To say he changed my life is an understatement.
It was thirty years ago tonight that Nathan came into my life and it hasn't been the same since. And I count that as a VERY good thing.
You see, I was single & selfish. I had no clue I was even selfish. My parents lived five hours away. I had married at 20 & divorced at 22. My brother and I had been roommates but I had just moved into an apartment on my own. I only had myself to care for & about so it didn't seem selfish. I worked out a couple hours every evening (body building) then I went to my favorite bar, slept, got up & went to my good paying, tolerable job; repeat. I drank entirely too much and all the men I dated were from "my" bar.
My life wasn't unsatisfactory to me but it was meaningless.

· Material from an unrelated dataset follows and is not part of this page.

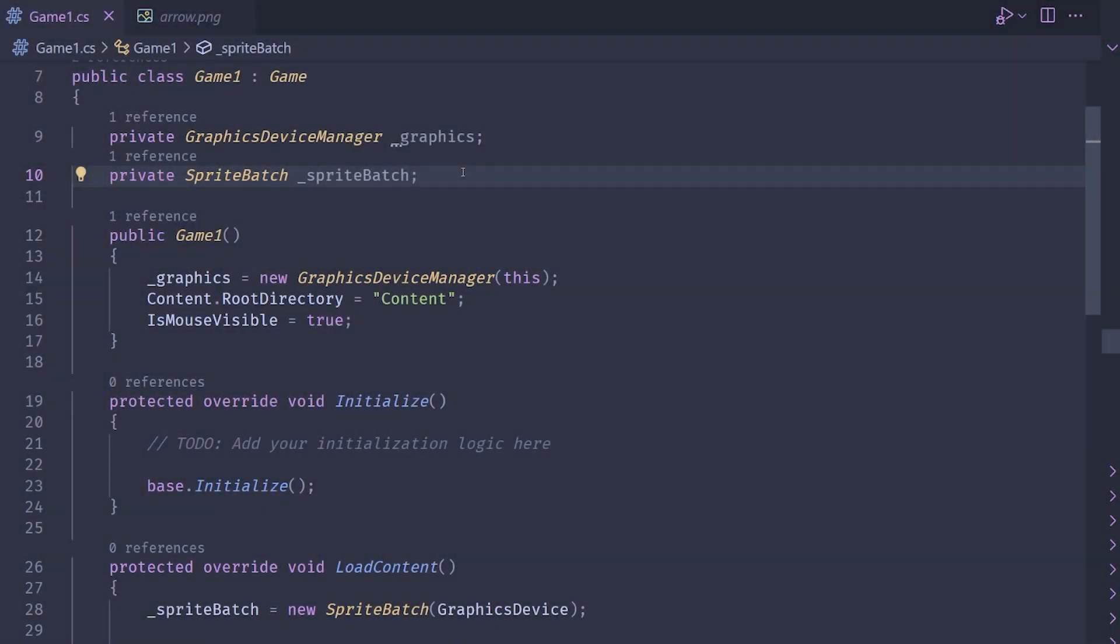Hello, welcome to another episode in the Monogame tutorial series. Today we're going to be implementing a sprite that points at the mouse. This is really useful for shooter style games where you want the player's weapon to point wherever the player is pointing their mouse. It's pretty simple, not that much code, so let's go ahead and get into it.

And then, one night, my contraceptive failed and somehow I KNEW the next day that I was pregnant. Back then you had to wait a couple of weeks to take a pregnancy test at the doctor's office.
So I waited.
If you've been there or ever had a scare & thought you might be there, you know all the things that ran through my head. Yet I knew from the onset that I would have this baby. And that I would have to change some things in my life.
I just had no idea how many things.
Flash forward to THAT day. The time exactly 30 years ago now when I'd been having minute-and-a-half contractions for two hours already. My mother was there. My best friend was there. But no one else. You see, when you're living a shallow life only for yourself, you find yourself very much alone in times of need.

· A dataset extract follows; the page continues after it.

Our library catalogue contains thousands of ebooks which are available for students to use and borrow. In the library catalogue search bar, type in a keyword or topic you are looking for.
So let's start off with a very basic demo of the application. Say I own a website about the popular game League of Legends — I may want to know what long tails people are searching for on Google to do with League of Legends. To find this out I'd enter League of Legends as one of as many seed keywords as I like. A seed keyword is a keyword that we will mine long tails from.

12 more hours of hard labor & a million expletives later, I met Nathan. As he lay in the warming bassinet getting cleaned up, he just stared at me.
And that was it.
I was a goner.
I was hooked forever and, whether he knows it or not, he is still somehow holding my heart in his hand.
And I realized over-night how much my mother knew and what I had put her through. I like to say her intelligence tripled that night but we all know that it was just my awareness of motherhood that changed. You see, despite my unwitting selfishness, my parents were ALWAYS there for me. I knew that moment for the first time that I had the best parents on the planet. And that I wanted to be that kind of Mom.Nathan and I lived with my folks until he was two and then we moved back to Dallas where I got to experience the joys & pains of single motherhood. I remarried. I had a beautiful daughter who also manages to hold my heart in her hand. I divorced. I remarried (you can read all about that story here).
But I never overcame what happened to me 30 years ago.
Nor do I want to.
You see, Nathan was born that day.
And in addition, a mother was born.
And she is much better off than she was before - despite the fact that her heart has to live now in two different places with her children.
I thank God daily that I had my kids.
That He broke into my life and reduced (unfortunately, not removed LOL) the selfishness and replaced it with a love that I could not even fathom before.
The first "love of my life".
Happy Birthday Son.
I love you more than you could know.